To do - Write out the line that contains "خرید کتاب تاریخ", then every following line to the end of the records below, with no other lines and no changes.

Records -
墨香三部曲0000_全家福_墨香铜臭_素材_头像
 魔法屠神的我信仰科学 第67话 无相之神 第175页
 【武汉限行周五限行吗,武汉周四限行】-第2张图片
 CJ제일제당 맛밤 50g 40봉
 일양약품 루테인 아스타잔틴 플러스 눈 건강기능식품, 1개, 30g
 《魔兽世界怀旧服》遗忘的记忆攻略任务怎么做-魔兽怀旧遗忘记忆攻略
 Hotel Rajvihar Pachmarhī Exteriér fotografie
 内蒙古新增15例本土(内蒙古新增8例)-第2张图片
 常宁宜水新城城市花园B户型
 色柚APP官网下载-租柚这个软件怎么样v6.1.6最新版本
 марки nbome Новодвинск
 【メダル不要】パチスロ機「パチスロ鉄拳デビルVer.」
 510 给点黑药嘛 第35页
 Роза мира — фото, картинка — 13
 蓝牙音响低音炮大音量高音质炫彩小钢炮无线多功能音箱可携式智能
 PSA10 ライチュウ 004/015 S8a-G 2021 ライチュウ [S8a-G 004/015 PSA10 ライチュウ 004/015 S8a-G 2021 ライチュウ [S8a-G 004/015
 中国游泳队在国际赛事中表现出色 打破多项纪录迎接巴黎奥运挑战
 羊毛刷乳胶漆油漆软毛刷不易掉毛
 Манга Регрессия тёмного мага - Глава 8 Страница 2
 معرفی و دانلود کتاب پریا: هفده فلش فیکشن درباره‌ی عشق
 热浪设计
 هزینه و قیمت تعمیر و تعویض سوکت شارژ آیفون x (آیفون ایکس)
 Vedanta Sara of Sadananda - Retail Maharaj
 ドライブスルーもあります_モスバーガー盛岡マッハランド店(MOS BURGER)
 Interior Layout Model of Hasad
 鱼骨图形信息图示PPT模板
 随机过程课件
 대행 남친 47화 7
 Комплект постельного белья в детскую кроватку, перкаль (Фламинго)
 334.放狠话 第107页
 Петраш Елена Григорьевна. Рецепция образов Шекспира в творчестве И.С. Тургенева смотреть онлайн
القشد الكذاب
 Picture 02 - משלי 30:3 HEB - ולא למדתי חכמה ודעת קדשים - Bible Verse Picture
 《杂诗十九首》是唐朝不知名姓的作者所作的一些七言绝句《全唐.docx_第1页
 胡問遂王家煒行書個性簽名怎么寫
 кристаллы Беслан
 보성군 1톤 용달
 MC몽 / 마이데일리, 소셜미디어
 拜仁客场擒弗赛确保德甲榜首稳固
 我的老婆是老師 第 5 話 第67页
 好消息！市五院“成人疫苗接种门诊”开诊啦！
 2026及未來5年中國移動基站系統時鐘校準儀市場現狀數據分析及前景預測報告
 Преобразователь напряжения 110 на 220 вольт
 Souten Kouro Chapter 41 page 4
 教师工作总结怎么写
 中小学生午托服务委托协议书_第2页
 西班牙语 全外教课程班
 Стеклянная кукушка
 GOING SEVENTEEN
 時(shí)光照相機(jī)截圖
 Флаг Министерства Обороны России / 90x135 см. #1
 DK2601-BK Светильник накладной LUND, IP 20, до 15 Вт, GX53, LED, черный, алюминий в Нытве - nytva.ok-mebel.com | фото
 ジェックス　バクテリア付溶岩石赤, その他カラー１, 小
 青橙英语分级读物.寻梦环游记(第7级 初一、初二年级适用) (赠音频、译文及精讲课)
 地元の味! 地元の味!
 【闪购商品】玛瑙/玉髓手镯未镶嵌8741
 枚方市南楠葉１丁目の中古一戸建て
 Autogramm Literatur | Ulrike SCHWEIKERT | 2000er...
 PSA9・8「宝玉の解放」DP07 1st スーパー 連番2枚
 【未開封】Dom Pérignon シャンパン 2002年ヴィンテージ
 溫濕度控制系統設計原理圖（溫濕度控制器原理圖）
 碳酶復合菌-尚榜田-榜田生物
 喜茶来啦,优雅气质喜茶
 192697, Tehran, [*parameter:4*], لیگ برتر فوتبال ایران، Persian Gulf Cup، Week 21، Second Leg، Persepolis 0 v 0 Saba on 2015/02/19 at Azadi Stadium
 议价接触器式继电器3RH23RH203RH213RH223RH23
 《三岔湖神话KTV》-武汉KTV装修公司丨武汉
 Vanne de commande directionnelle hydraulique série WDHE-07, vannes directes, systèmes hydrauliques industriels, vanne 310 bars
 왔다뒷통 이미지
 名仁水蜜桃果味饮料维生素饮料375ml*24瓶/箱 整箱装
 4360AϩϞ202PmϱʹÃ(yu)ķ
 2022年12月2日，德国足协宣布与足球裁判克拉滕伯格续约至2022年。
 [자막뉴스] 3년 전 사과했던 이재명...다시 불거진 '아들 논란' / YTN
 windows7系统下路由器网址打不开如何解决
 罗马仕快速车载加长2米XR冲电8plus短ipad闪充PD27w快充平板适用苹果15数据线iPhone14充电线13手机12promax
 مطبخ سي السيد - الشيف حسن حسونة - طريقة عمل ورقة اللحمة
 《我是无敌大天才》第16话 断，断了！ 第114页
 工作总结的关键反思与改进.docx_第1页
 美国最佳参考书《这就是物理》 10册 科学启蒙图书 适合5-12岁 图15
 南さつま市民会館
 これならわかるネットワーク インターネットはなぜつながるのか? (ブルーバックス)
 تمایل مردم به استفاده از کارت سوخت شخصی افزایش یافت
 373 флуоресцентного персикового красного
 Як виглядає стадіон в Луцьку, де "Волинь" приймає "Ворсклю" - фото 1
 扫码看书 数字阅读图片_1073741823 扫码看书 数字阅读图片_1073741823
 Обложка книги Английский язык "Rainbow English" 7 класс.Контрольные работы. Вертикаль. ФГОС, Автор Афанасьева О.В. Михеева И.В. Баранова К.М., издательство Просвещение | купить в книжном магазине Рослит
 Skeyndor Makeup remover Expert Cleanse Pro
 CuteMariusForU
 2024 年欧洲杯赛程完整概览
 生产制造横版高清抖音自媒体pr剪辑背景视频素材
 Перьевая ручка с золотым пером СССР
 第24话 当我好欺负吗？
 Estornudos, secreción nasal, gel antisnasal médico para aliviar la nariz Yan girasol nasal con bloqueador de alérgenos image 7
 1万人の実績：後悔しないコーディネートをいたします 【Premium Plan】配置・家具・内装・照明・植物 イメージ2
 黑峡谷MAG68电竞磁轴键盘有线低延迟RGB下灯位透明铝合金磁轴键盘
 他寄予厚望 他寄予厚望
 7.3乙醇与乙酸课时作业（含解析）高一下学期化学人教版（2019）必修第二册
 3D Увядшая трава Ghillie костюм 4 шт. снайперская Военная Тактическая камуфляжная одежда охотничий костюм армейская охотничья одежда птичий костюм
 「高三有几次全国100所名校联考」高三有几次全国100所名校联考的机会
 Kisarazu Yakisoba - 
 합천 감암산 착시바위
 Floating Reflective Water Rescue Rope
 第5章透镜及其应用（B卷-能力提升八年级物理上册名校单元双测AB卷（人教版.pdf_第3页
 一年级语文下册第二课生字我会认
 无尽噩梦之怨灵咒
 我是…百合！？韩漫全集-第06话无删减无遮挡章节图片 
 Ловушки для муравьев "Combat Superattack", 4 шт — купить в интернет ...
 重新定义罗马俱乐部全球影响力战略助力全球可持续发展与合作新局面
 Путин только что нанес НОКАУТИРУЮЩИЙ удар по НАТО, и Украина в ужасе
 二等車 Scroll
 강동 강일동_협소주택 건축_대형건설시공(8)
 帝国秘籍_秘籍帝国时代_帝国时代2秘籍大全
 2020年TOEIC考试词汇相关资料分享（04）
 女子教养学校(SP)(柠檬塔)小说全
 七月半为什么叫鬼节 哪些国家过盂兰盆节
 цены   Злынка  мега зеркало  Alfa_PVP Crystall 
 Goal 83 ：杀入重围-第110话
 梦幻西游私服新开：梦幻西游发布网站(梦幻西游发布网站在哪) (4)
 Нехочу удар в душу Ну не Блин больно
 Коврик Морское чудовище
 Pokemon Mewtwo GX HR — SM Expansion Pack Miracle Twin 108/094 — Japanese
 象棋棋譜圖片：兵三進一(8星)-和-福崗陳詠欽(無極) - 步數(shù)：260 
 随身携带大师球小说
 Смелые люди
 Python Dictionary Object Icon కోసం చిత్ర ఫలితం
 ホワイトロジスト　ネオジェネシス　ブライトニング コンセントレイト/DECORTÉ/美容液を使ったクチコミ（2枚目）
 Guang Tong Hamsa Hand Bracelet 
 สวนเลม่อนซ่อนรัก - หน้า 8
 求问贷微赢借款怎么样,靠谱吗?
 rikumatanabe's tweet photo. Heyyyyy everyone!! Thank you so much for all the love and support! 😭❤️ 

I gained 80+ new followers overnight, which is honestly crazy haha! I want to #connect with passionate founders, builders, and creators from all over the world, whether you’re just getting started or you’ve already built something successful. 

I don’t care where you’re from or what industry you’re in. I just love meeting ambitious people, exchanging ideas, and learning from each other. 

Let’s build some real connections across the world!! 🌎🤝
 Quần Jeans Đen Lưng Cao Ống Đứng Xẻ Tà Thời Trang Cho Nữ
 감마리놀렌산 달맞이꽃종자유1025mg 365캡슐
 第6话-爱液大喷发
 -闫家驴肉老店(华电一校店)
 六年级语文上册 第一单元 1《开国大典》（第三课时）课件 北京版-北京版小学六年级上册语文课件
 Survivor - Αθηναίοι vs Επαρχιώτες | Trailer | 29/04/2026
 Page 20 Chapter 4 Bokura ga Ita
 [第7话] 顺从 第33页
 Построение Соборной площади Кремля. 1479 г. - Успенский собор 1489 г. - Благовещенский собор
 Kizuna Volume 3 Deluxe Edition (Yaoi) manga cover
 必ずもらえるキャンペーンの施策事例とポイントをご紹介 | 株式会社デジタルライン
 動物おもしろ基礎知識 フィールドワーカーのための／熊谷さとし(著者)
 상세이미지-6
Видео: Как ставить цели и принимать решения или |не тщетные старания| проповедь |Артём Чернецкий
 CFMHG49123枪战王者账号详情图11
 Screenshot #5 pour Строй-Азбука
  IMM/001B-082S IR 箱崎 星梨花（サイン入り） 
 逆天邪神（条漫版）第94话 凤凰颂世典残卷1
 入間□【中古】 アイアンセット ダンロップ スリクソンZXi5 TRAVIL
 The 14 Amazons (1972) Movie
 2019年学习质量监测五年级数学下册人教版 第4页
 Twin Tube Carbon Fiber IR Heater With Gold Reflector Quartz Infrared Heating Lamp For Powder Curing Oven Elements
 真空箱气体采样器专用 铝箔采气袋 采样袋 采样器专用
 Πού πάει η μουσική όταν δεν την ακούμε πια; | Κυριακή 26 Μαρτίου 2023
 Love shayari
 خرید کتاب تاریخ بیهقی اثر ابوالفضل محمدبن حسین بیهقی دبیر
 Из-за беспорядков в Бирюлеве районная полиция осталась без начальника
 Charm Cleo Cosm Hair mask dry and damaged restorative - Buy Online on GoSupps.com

Worked solution -
 خرید کتاب تاریخ بیهقی اثر ابوالفضل محمدبن حسین بیهقی دبیر
 Из-за беспорядков в Бирюлеве районная полиция осталась без начальника
 Charm Cleo Cosm Hair mask dry and damaged restorative - Buy Online on GoSupps.com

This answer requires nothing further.